Years later, I found out that my mom had discussed my growing problem with Tiffany before we started our year in the dorm, together. While it seemed like an explanation to how she was able to tolerate my strange behaviors, I realize it's so much more. She knew my deepest, darkest secret. For years, I had struggled with haunting thoughts from OCD. No one knew the extent of it, besides my mom and step dad, who lived the day in and day out beside me. Even then, they didn't understand the emotional load that consumed me. But here was Tiffany, living with the annoying behaviors of a person who couldn't control her own thoughts. Behaviors that affected more than myself. They affected her. She was seeing me and my faults up close, and she never treated me differently than she ever had. She kept from pointing out my faults. More importantly, she didn't look down on me or treat me like I was broken. Tiffany didn't tiptoe around, babying me and treating me as less-than because I had a mental illness. She treated me the same. She treated me like me, her best friend.
Once I was aware that she knew about my hidden reality, I found myself able to open up to her about it, over time. I could bear my soul to her, in ways I've never been able to with anyone else. Over the years we have been through death, divorce, motherhood, spiritual struggles, and simple day to day life, with growing authenticity. She knows me, truly and deeply. And never once have I felt judged or inferior in her eyes. Instead, I feel safe. I feel known. I feel loved and understood.
As my school days drift farther away and life gets busier and messier, I find myself yearning for the authentic self I can be with Tiffany. I wonder why I can't live this way with anyone else. Why do I feel the need to put up walls and live with pretenses? Why do I pause before mentioning my brother's death and stop myself from revealing that he took his own life? Am I concerned about making them uncomfortable? Will they judge me? Will they judge him? Am I worried they will ask more questions? Am I worried they won't?
People I love deeply struggle with drugs, homelessness, bouts of jail time, and other difficult realities that have evolved from their decisions. This is a 1,000 pound weight on my heart. Sometimes I feel consumed with the bleakness of it all. I worry about their safety and pray for their recovery. I am heartbroken for their kids. But, I rarely open up about any of it with others. I don't feel like anyone can understand, not in its entirety. It's too dark. Am I concerned about what they will think of me? Do I worry that they won't hold this heavy truth with enough tenderness; with enough grace; with enough love?
I married my first boyfriend. We were a cute couple with a sweet love story. But my marriage is far from perfect. We don't fill our days and our home with joy and tender kisses. We love each other, but we fight, we take each other for granted, and we don't fill each other's expectations. Why do I only speak half-truths about our difficulties? Marriage is hard, for crying out loud. Why don't I feel like I can talk about that? I'm worried I will sound ridiculous, or that I will make my husband sound bad. Doesn't everyone struggle? Can't we be honest about the frustrations we wrestle?

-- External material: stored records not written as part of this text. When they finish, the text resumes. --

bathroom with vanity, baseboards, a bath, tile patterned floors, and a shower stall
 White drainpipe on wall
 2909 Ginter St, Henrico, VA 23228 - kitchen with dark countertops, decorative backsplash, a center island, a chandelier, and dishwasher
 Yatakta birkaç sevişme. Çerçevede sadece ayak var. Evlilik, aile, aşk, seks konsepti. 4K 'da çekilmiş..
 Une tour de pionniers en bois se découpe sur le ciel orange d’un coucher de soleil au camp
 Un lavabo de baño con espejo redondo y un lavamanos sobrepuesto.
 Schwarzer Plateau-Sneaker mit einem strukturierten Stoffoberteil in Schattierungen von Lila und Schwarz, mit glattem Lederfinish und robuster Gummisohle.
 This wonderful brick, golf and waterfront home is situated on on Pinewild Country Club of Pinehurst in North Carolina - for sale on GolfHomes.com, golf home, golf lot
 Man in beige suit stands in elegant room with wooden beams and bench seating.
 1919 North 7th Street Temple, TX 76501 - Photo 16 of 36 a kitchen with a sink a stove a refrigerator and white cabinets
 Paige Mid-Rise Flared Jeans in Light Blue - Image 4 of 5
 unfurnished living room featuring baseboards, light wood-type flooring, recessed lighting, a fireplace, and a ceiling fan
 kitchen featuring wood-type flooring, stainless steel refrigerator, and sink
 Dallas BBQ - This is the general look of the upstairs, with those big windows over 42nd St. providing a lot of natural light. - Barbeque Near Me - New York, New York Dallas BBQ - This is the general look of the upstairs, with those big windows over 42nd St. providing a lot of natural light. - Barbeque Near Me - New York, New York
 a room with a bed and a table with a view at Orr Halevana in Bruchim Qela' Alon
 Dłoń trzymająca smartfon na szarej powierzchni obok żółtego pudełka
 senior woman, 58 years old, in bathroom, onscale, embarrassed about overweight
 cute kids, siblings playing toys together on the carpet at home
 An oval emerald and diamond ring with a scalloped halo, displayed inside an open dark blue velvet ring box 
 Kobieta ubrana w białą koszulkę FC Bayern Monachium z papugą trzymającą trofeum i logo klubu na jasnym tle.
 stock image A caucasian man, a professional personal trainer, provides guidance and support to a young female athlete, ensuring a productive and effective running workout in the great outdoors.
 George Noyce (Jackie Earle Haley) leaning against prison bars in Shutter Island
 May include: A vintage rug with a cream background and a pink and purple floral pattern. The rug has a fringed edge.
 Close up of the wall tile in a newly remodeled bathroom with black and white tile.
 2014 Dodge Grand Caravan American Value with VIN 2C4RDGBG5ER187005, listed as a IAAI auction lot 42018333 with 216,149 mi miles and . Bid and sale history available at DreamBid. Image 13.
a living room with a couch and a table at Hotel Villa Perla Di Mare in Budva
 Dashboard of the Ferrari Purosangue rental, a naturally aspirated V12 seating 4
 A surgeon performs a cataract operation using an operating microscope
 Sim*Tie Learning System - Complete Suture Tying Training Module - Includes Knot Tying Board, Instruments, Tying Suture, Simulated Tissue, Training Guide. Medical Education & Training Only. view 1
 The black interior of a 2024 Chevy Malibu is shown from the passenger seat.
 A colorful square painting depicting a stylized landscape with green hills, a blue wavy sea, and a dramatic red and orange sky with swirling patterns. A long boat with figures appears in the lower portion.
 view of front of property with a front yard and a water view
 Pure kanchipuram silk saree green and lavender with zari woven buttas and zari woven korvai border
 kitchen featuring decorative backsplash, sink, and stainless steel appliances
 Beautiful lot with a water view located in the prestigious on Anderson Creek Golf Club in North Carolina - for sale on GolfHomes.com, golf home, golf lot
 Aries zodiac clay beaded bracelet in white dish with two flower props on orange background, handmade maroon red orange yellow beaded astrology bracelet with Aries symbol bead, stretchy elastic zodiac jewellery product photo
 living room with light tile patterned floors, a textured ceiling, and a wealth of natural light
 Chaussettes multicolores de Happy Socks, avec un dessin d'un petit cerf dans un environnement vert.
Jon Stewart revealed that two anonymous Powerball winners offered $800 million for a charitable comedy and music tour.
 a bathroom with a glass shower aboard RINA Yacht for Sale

I'm not honest about my parenting. I don't tell people that I yell at my kids way more than I should. I'm not open about the fact that though I love my kids with my brain, I don't always feel love for them in my heart, and sometimes I don't even like them. Surely I'm not the only one, right? Wouldn't it be better to know that these feelings don't make me a terrible mother, but simply a person that isn't perfect? Couldn't I work through my difficult mommy feelings quicker and more effectively if I talked them out with someone?
I find myself lonely and longing for connection. Shallow social gatherings can leave me feeling empty and alone. I want to be truly known and see deep into the hearts of others. But how can I have that without being authentic in who I am? How can people draw close when I've built this mote around my heart? Why do I feel the need to portray myself through this myriad of filters? What good is it doing me? It might make me more presentable, but it also makes me far, far lonelier. I want to strip off the makeup and take down my hair; pull off the dust jacket and bare the binding of my heart the way I do with Tiffany. I want to live a life of true, raw authenticity.